Balmont (Konstantine Dmitrievitch)

Poète russe (Goumnichtchi, province de Vladimir, Russie, 1867 - Noisy-le-Grand 1942).


« Je suis venu dans ce monde pour voir le soleil. » Prédestination ou choix volontaire, Balmont est en effet le poète des « visions solaires » et des élans hardis. Considérant sous leur aspect primordial et simple états d’âme et forces de la nature, il s’adresse aux éléments d’égal à égal, se dit fils de la mer, du feu, apostrophe le vent :
Vent éternel, vent mon frère,
Vent des monts et des mers...,
et, s’abandonnant à la joie de vivre, chante l’amour passion et le plaisir des sens.

Des marins écossais ou scandinaves établis en Russie seraient à l’origine de sa famille du côté paternel. À cet atavisme, il faut sans doute rapporter le besoin d’ouverture sur le monde qui incitera Balmont à explorer les littératures et les contrées étrangères : il voyagera à lui seul plus que tous les autres écrivains russes pris ensemble. De sa mère, née Lebedeva, nom qui remonterait à celui de Bielyï Lebed, « Cygne Blanc », porté par un prince de la Horde d’Or, il avait hérité la personnalité forte et passionnée qu’elle devait à son ascendance tatare. Dès son adolescence, il eut une vie mouvementée, passant d’un lycée à un autre à la suite d’un renvoi pour appartenance à un cercle révolutionnaire. Étudiant, il est exclu de l’université de Moscou comme fauteur de trouble un an après son admission (1886). Vient ensuite une tentative de suicide : à vingt-deux ans, il se jette par la fenêtre d’un troisième étage. Des fractures diverses le retiennent une année au lit, mais, une fois rétabli, il éprouve, dit-il, une excitation intellectuelle et une joie de vivre extraordinaires.

C’est cet enthousiasme et l’amour extatique pour la poésie dont il s’accompagne qui, quelques années plus tard, frappent et conquièrent le jeune Valeri Iakovlevitch Brioussov (1873-1924) dès leur première rencontre au cercle des étudiants « amateurs de littérature occidentale ». Balmont a déjà publié des vers originaux, des traductions de Shelley et de Poe. Quant à Brioussov, il a vingt ans, l’ouvrage de Dmitri S. Merejkovski Sur les causes de décadence et les courants nouveaux dans la littérature contemporaine (1893) vient de lui faire découvrir Verlaine, et, avide de gloire littéraire, il essaie de percer en composant des vers dans le style « décadent ». La réunion terminée, au lieu de se séparer après les libations d’usage, les deux jeunes gens quelque peu éméchés errent jusqu’à huit heures du matin dans les rues de Moscou, dissertant de poésie et échafaudant des projets littéraires.

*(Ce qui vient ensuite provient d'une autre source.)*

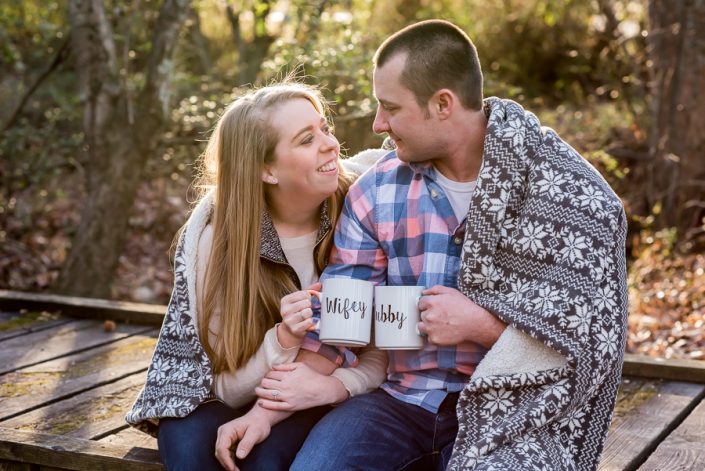 Couple snuggles under blanket on achilly morning with coffee mugs for engagement photos in Crump Park, Glen Allen, VA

Ainsi s’achève sur l’aube d’un nouveau mouvement littéraire cette nuit du 28 septembre 1894, où, auprès du poète qui, dès l’année suivante, s’affirme comme le représentant le plus authentique du premier symbolisme russe, est venu se ranger celui qui en sera le théoricien et l’organisateur.

Si à Brioussov revient surtout la défense de l’art poétique nouveau, Balmont en assure magnifiquement l’illustration. De 1895 à 1905, il publie sept recueils de vers qui lui apportent une immense popularité. En 1903, il est à l’apogée de sa gloire. Dans les cercles littéraires, où il se produit avec succès, on parle même d’une « ère balmontienne » de la poésie russe. Mais les adversaires aussi font entendre leur voix : ils dénoncent la manie de la grandeur, l’individualisme, poussé jusqu’à la déification du moi, d’un poète voulant être « comme le soleil qui ne vit que par lui-même » et autour duquel « se pressent des mondes qui lui appartiennent » ; ils se scandalisent d’entendre déclarer que l’art ignore le bien et le mal, et peut avoir également pour objet la victime et le bourreau. Égoïsme affiché, érotisme, cynisme même interviennent en effet chez Balmont comme chez Brioussov : ce sont les armes offensives dont use la nouvelle poésie pour s’affranchir des lieux communs utilitaires et humanitaires, et conquérir son indépendance. Abstraction faite de ces éléments polémiques, l’attitude fondamentale de Balmont est celle d’un homme libre qui connaît tous les replis de son âme, est attentif à toutes les manifestations de son moi et sait concentrer la plénitude de l’existence dans chacun des instants en lesquels la vie se décompose. Le symbole seul est capable de figurer la relation qui s’établit dans ces moments fugitifs entre le poète et le monde. Il naît de la rencontre de deux éléments : une abstraction cachée et une représentation concrète « organiquement et aussi naturellement associées que les eaux d’un fleuve se fondant harmonieusement, par un matin d’été, avec la lumière du soleil ». Quelle signification donner, par exemple, à l’image féminine vers laquelle vont les désirs du poète ? Avec ses yeux couleur de mer et son cœur infidèle, elle pourrait bien être le symbole du changement cher à son cœur, c’est-à-dire le symbole de la vie mouvante.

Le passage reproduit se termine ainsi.